[Opening DATA TO PROCESS section]

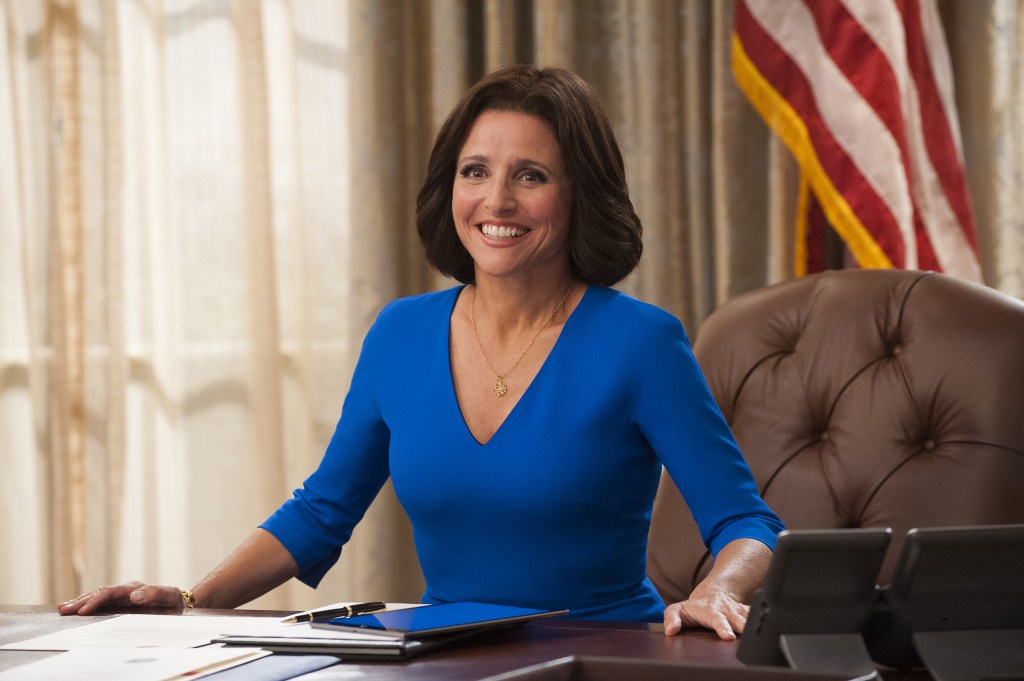 Julia Louis-Dreyfus in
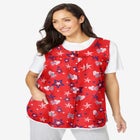 Snap-Front Apron image number null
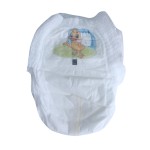 婴儿纸尿裤生产商-夜用双兜立体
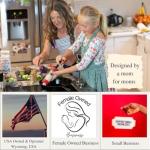 Churro Maker Kit with Adjustable Piping Tip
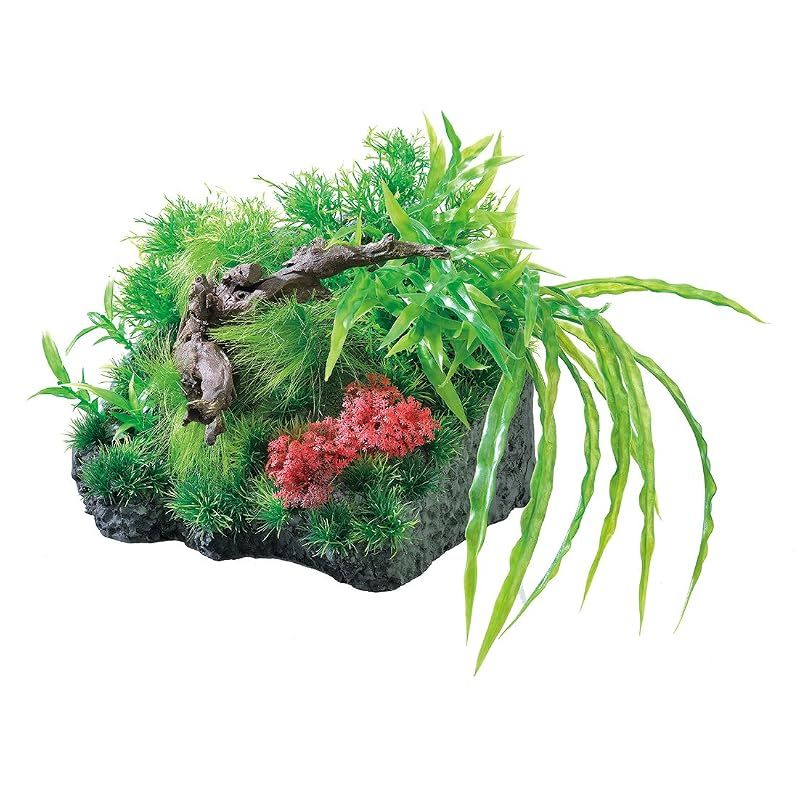 【新品】 ジェックス 癒し水景 アクアキャンバス F-L Big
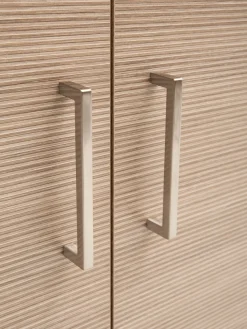 Schildmeyer Aktenschrank »METZ, 2 Türen in Canello, Höhe 150 cm, 8 Fächer, MADE IN GERMANY« 1 Stk. tlg. Fronten in Canello,MADE IN GERMANY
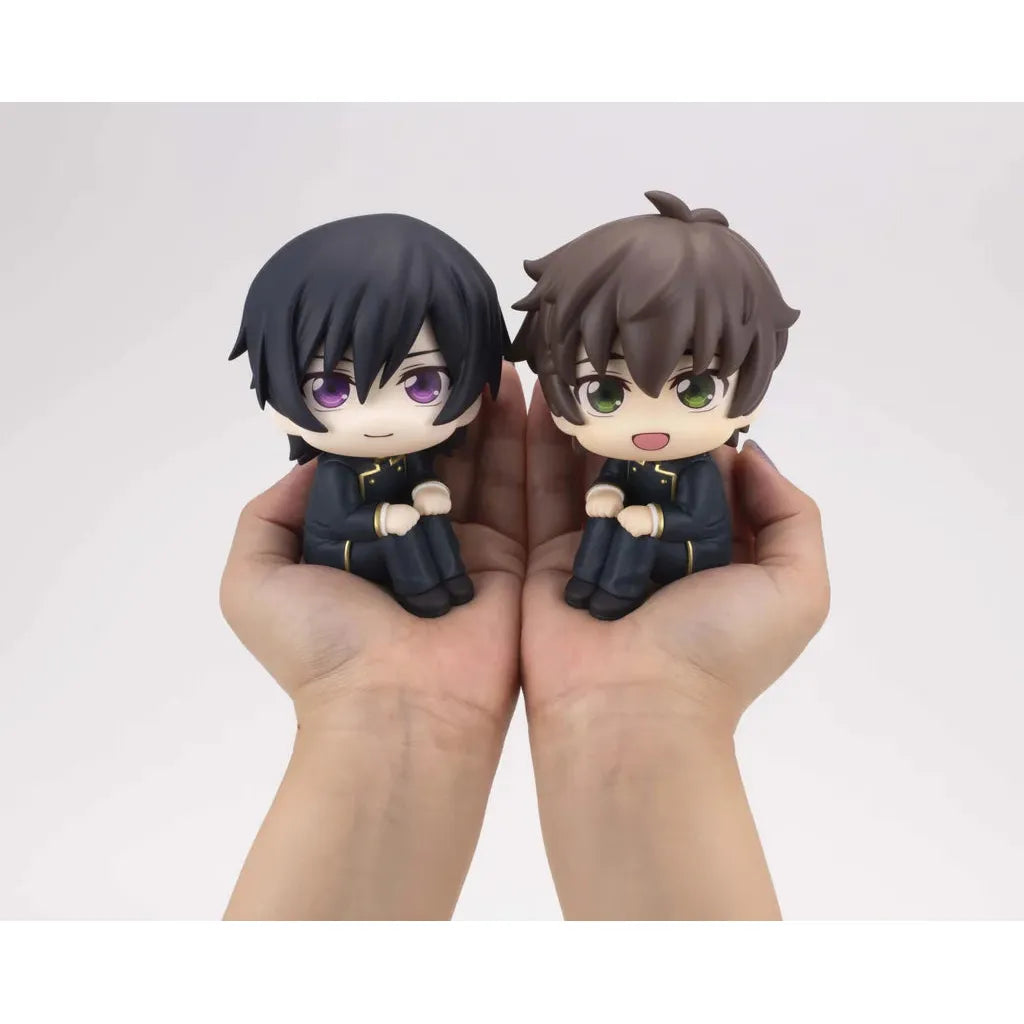 Lookup Code Geass Lelouch of The Rebellion Suzaku Kururugi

[Closing DATA TO PROCESS section]

• [EXERCISE DETAILS]: Strip the images and return the remaining data exactly.

• [ANSWER AREA]:
 Julia Louis-Dreyfus in
 Snap-Front Apron image number null
 婴儿纸尿裤生产商-夜用双兜立体
 Churro Maker Kit with Adjustable Piping Tip
 【新品】 ジェックス 癒し水景 アクアキャンバス F-L Big
 Schildmeyer Aktenschrank »METZ, 2 Türen in Canello, Höhe 150 cm, 8 Fächer, MADE IN GERMANY« 1 Stk. tlg. Fronten in Canello,MADE IN GERMANY
 Lookup Code Geass Lelouch of The Rebellion Suzaku Kururugi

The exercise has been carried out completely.